Belgarde v. Rosenau, 11116

Decision Date06 June 1986
Docket NumberNo. 11116,11116
Citation388 N.W.2d 129
PartiesCindy BELGARDE, Plaintiff and Appellant, v. Lorenz ROSENAU and the Winona Monument Company, a foreign corporation, Defendants and Appellees. Civ.
CourtNorth Dakota Supreme Court

Chapman & Chapman, Bismarck, and Swain Benson, Bottineau, for plaintiff and appellant; argued by Charles L. Chapman.

Fleck, Mather, Strutz & Mayer, Bismarck, for defendants and appellees Winona Monument Co.; argued by Curtis L. Wike.

LEVINE, Justice.

Cindy Belgarde appeals from a district court judgment dismissing her action against Winona Monument Company [Winona]. We reverse and remand for trial.

Shortly after Belgarde's husband died in 1978, she purchased a grave headstone from Lorenz Rosenau, a Winona dealer. Belgarde was to make $100 monthly payments to pay for the $686 headstone. Belgarde received billing statements directly from Winona, but made the payments to Rosenau. A dispute arose over the payments, with Belgarde claiming that she had made full payment and Rosenau claiming that Belgarde still owed $200. Belgarde submitted proof of payment to Winona, and Winona contacted Rosenau in an unsuccessful attempt to clear up the discrepancy. Sometime prior to January 1981, Rosenau removed the headstone from Belgarde's husband's grave.

Belgarde commenced this action against Rosenau and Winona, claiming, in effect, conversion of the headstone and infliction of emotional distress. Winona moved for summary judgment, alleging that Rosenau was an independent contractor and that it therefore was not vicariously liable for Rosenau's actions. The district court granted summary judgment dismissing Belgarde's action against Winona.

The sole issue presented on appeal 1 is whether genuine issues of material fact exist which preclude summary judgment.

Summary judgment should be granted only if, after viewing the evidence in the light most favorable to the party against whom summary judgment is sought, it appears that there is no genuine issue as to any material fact and that the party seeking summary judgment is entitled to it as a matter of law. Allegree v. Jankowski, 355 N.W.2d 798, 800 (N.D.1984). Summary judgment is not appropriate if reasonable differences of opinion exist as to the inferences to be drawn from undisputed facts. Allegree v. Jankowski, supra, 355 N.W.2d at 800.

It is well settled that the existence of an agency relationship is a question of fact. E.g., Dunseith Sand & Gravel Co. v. Albrecht, 379 N.W.2d 803, 805 (N.D.1986); Johnson v. Production Credit Association of Fargo, 345 N.W.2d 371, 376 (N.D.1984); Pfliger v. Peavey Co., 310 N.W.2d 742, 745 (N.D.1981). However, where the evidence on agency is such that reasonable minds could draw but one conclusion, the question of fact becomes a question of law and summary judgment may be appropriate. Johnson v. Production Credit Association of Fargo, supra, 345 N.W.2d at 376.

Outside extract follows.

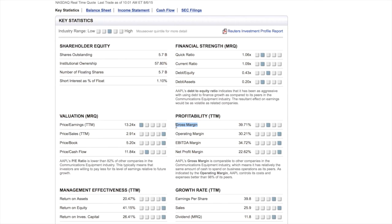You then take that $300,000 and divide it by the revenue — which was a million dollars — and that gives you 0.30, or 30 percent. So 30 percent is the gross margin. The formula is: revenue minus cost of goods, divided by revenue.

Winona contends that the evidence in this case leads to only one conclusion: that Rosenau was not its agent. In support of this contention, Winona relies upon the agreement it entered into with Rosenau in 1957, which provides: "The parties hereto further expressly understand and agree that the relationship between them shall be that of independent contract and that the dealer is not an employee of the Company...."

We reject Winona's contention that its agreement with Rosenau is dispositive of the...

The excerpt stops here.